Grieger zeigt die Konsequenzen der relativierenden Historikerdebatte über
den Nazismus und bezieht vehement Position. Peters betriebssoziologischer Exkurs
bringt Basisveränderungen zur Sprache. Seine Thesen verdienten in Zukunft
besondere Beachtung.
Unsere Rubriken sind wieder vollständig. Wir hoffen, daß die Kritiken
und Zuschriften zu weiteren Interventionen herausfordern. Dies macht Zeitschriften
wie Z erst lebendig, obwohl der Vierteljahresturnus der Diskussion nicht unbedingt
förderlich ist.
Unsere Rezensionsrubrik findet da und dort Anerkennung. Wir hoffen, daß
wir auch in Z 15 unseren Kriterien ( Publikationen von Marxistinnen und Marxisten
und von linken Verlagen, Themen zur Linken und zur Arbeiterbewegung, Titel zum
Schwerpunktthema, bedeutsame Titel der politischen sowie der geistes- und gesellschaftswissenschaftlichen
Diskussion) gerecht werden konnten.
Wir hoffen, daß auch die vorliegende Ausgabe von Z interessierte Leserinnen
und Leser findet und Anregungen zur Bewältigung der Situation zu vermitteln
vermag.
Am 19. Juni 1993 tagte zum zweiten Mal der Z-Redaktionsbeirat. Dabei wurden die
Vorlagen der Redaktion für die nächsten Ausgaben gebilligt. Unerschiedliche
Positionen artikulierten sich zum Thema "Was ist heute marxistische Erneuerung?"

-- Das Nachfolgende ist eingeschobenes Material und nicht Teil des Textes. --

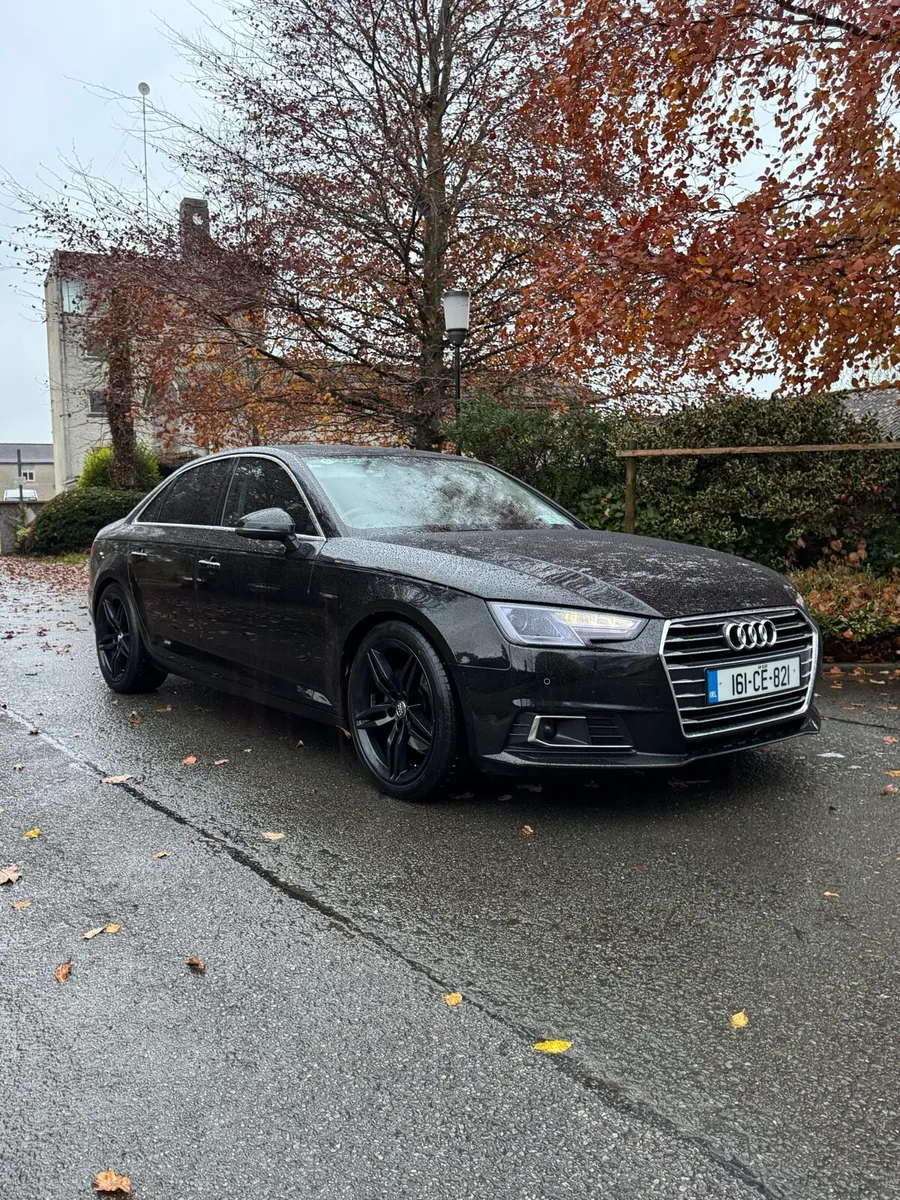 Audi A4 Big Spec Automatic NCT & Tax - Image 2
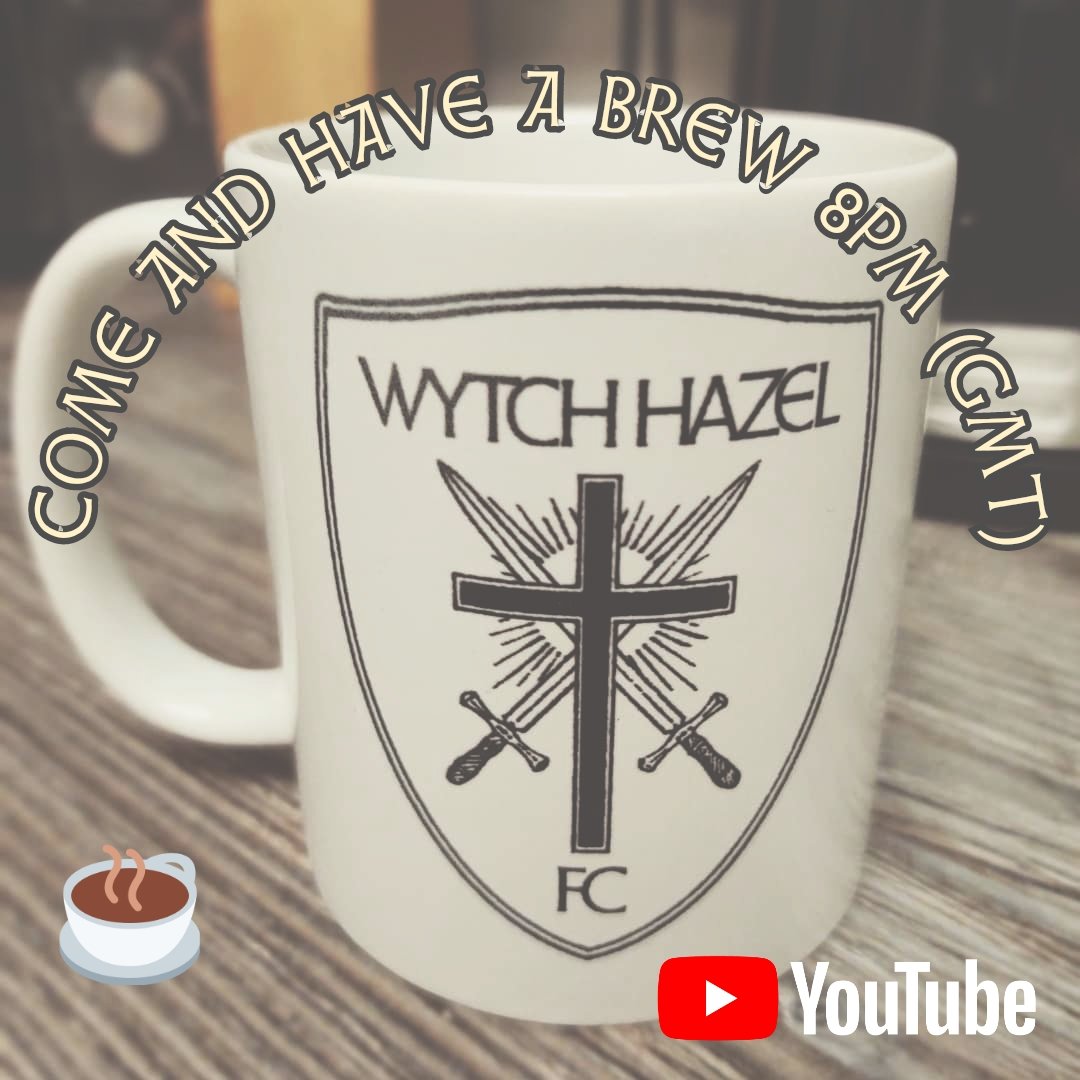 Chatting through lot's of content ideas tonight - come and help!! Make sure you subscribe & turn on notifications here: YouTube.com/wytchhazel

und wie wird Z ihren in der Plattform von 1990 formulierten Ansprüchen gerecht.
Die Positionen reichten von der Ansicht, Erneuerung sei heute vor allem das Vermögen,
den Marxismus zur Analyse der Realität anzuwenden, bis zur Meinung, daß
die neuen Themen zur Neuformulierung der marxistischen Doktrin führen müßten.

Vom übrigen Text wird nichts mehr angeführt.